**WORKING DATA**
▬▬▬▬▬▬
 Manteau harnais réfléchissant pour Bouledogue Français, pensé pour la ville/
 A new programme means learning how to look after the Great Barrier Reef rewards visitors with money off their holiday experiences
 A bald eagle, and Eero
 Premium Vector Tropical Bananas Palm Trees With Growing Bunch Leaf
▬▬▬▬▬▬
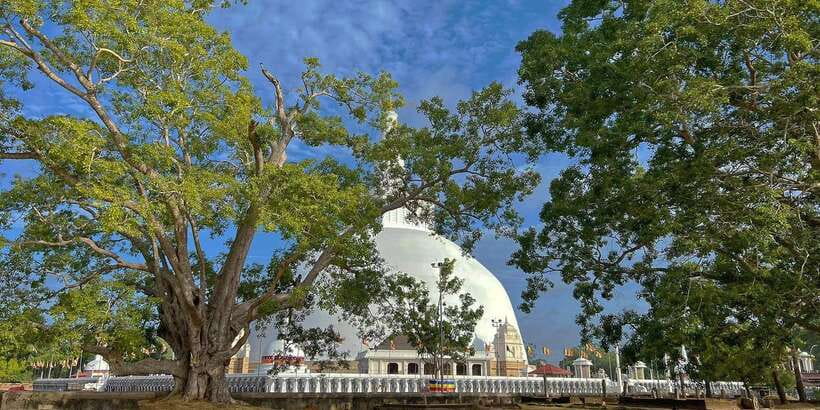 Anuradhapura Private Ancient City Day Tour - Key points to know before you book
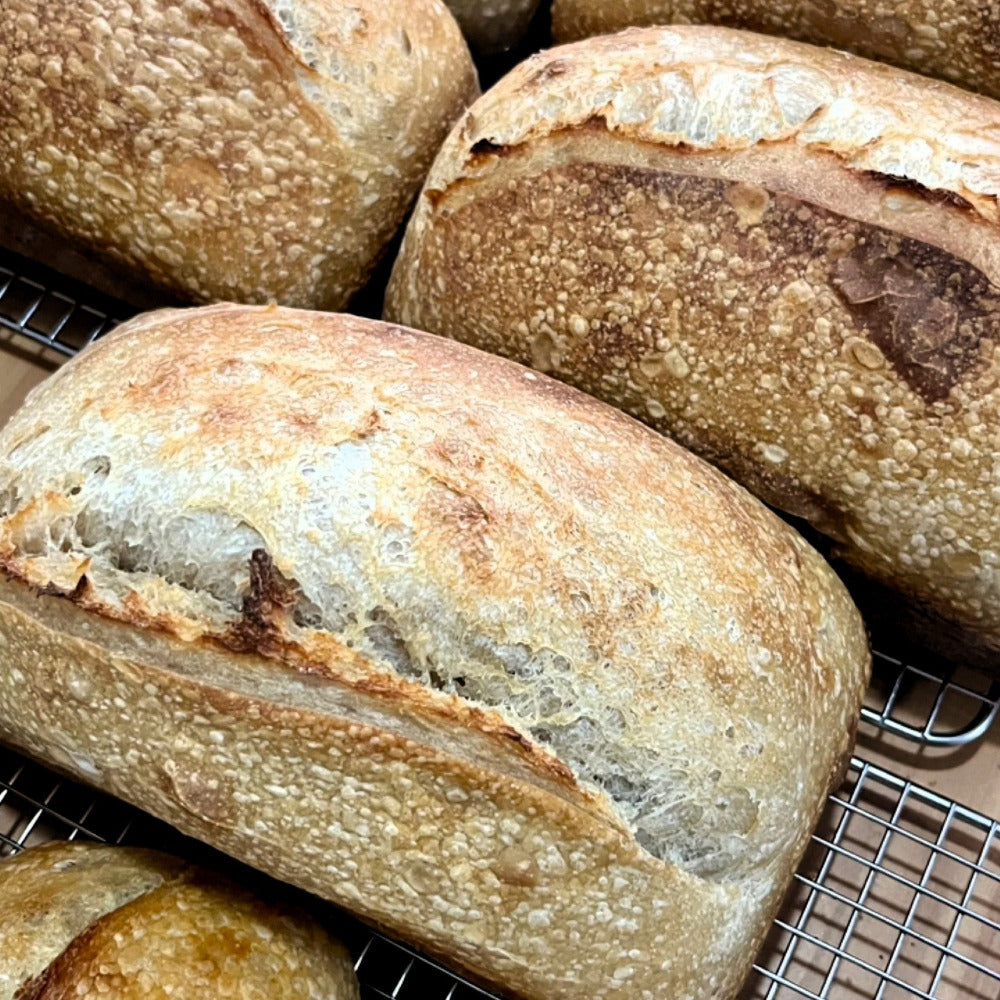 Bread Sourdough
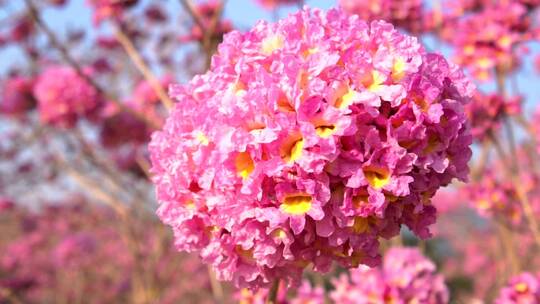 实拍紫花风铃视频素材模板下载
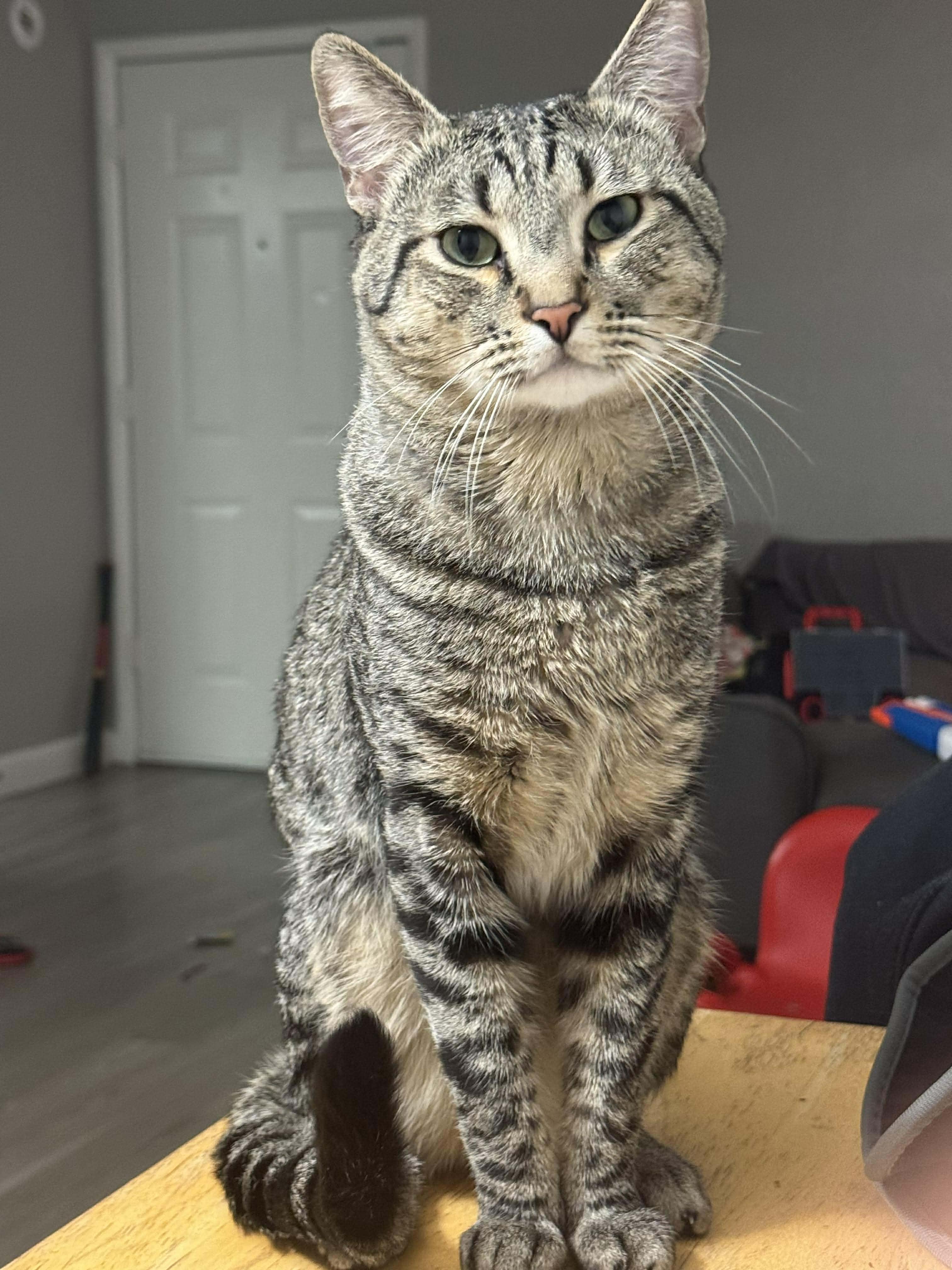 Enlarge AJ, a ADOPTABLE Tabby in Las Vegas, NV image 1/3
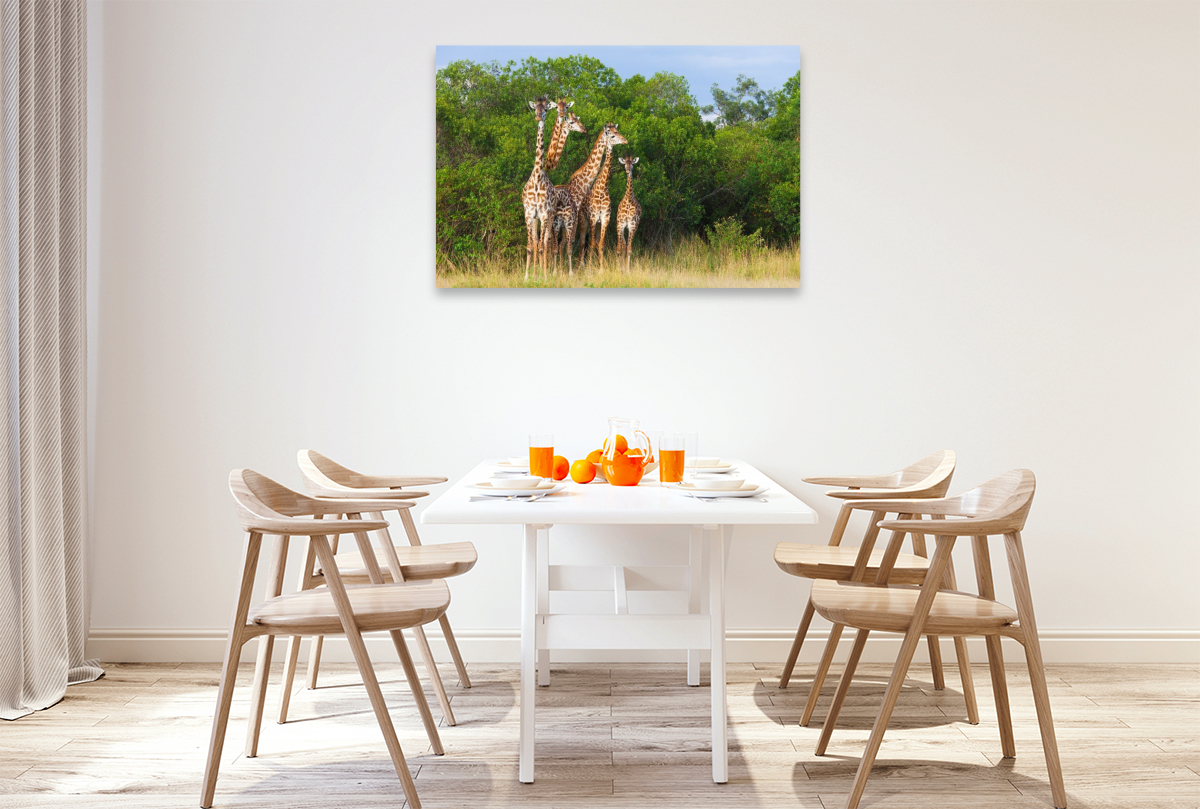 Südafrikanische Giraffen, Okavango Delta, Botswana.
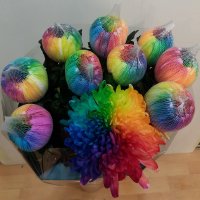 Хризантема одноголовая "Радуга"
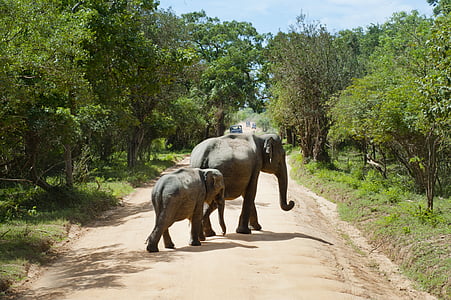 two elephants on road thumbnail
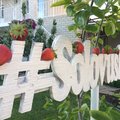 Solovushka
▬▬▬▬▬▬
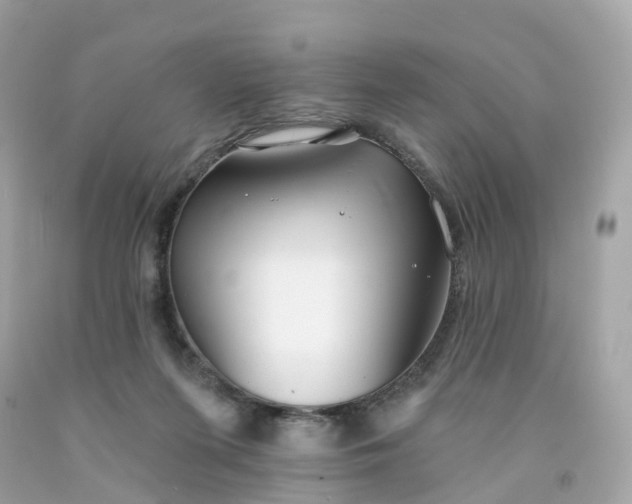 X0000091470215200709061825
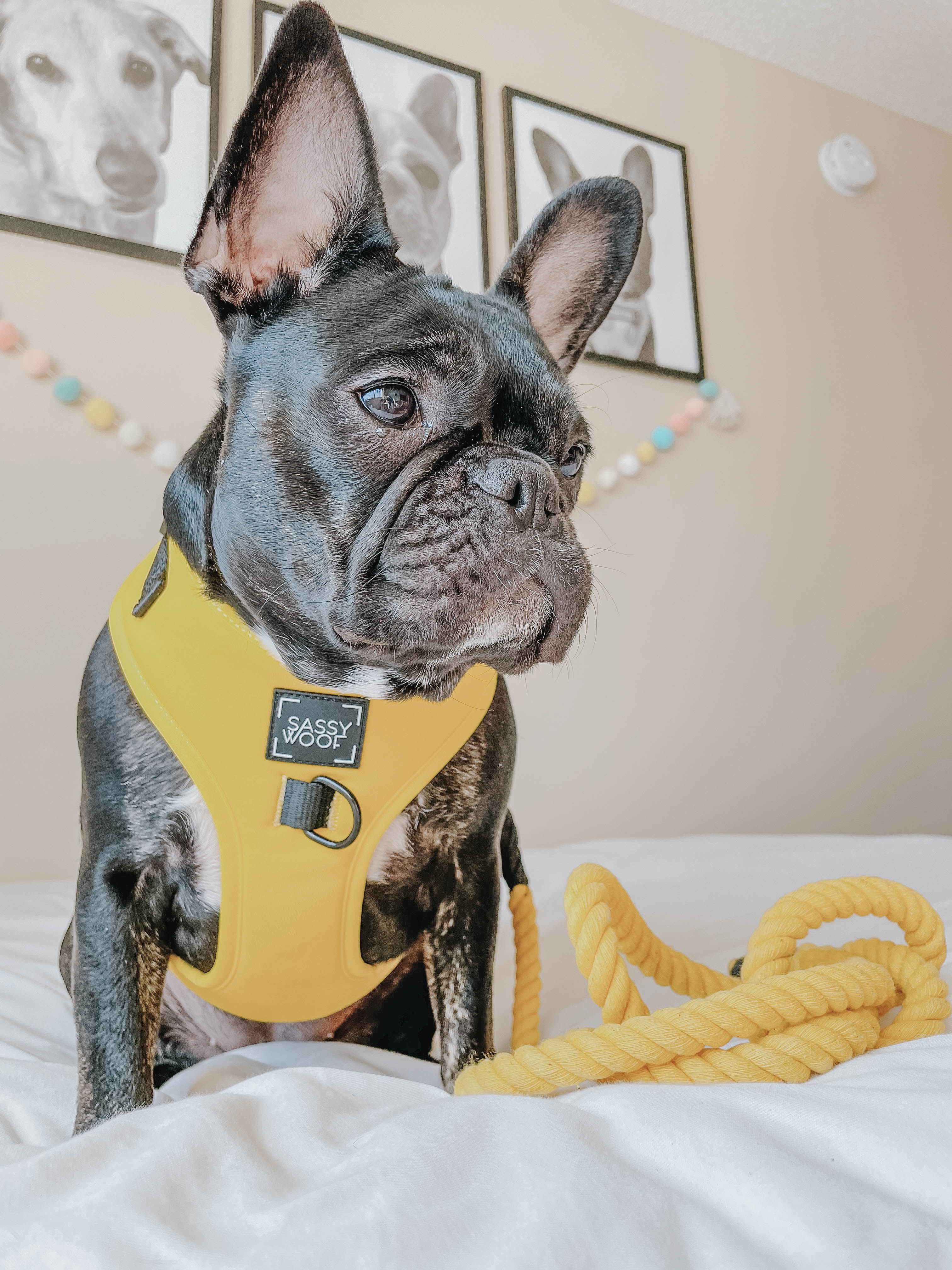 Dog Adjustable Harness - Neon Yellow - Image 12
▬▬▬▬▬▬
**WHAT TO WORK ON**
A clean copy is needed of the lines in the listing above from the one with "X0000091470215200709061825" through the one with "Dog Adjustable Harness", exact in every word and free of pictures.

**ANSWER TO THE EXERCISE**
 X0000091470215200709061825
 Dog Adjustable Harness - Neon Yellow - Image 12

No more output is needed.